Forum Discussion
Altera_Forum
Honored Contributor
7 years agoThis is an interesting observation. However, it seems there is some issue with resource estimation in Quartus v17/17.1. Using 16.1.2, I get 512 DSPs for 32bit_256 in the report, and full DSP utilization for 32bit_800. Also I get 800 DSPs for 16bit_800, and full DSP utilization for 16bit_1600.
Based on Intel's documentation, each DSP on Arria 10 can do a maximum of one 27-bit x 27-bit MUL, or two independent 18-bit x 18-bit MULs. This means that multiplying two 32-bit integers requires two DSPs. However, it should be possible to perform two 16-bit x 16-bit multiplications per DSP, but for some reason, the compiler is failing to correctly infer this.

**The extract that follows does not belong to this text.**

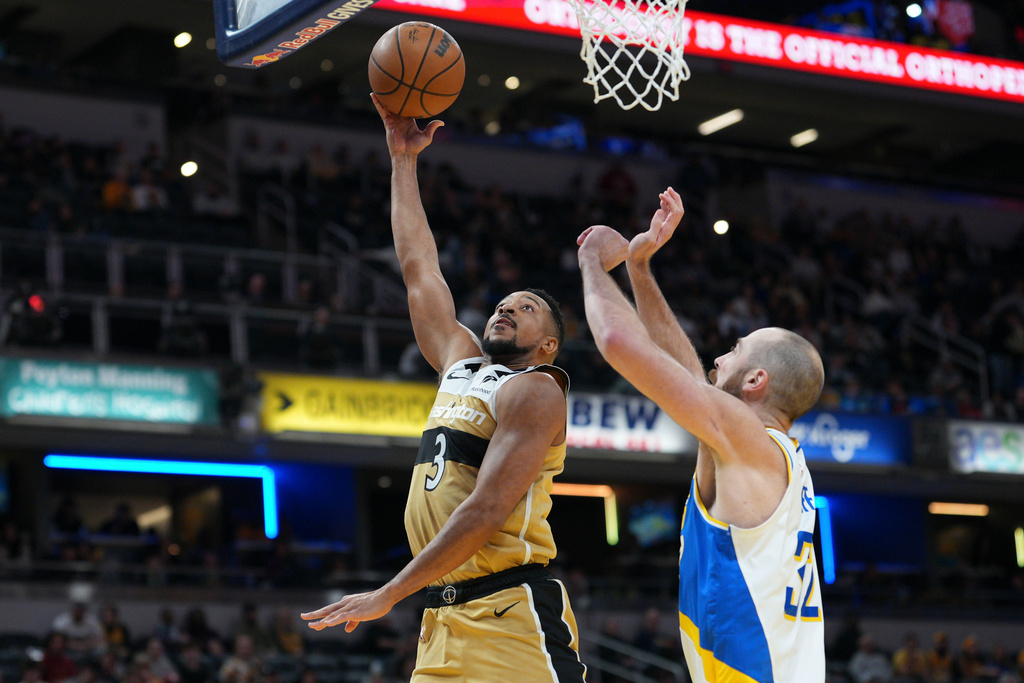Washington Wizards guard CJ McCollum (3) shoot over Indiana Pacers center Jay Huff during the first half of an NBA basketball game in Indianapolis, Sunday, Dec. 14, 2025. (AP Photo/AJ Mast)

Intel has added a new extension in v17 for Arbitrary Precision Integers (Programming Guide, Section 5.6). You might be able to do what you want using that extension. Just make sure to follow the instructions for casting the variables from the documentation. Finally, regarding the case with 3036 MULs, are you talking about Intel's own paper here? https://arxiv.org/abs/1701.03534 That paper uses fixed-point with shared exponent, and inferring that data type probably requires complex bit masking. In fact, it is possible that they also used undocumented features of the compiler to achieve that behavior. P.S. It is also possible that the "printf" in your kernel is preventing the mapper from correctly packing the DSPs. For the sake of completeness, you should try removing the printf and see what happens.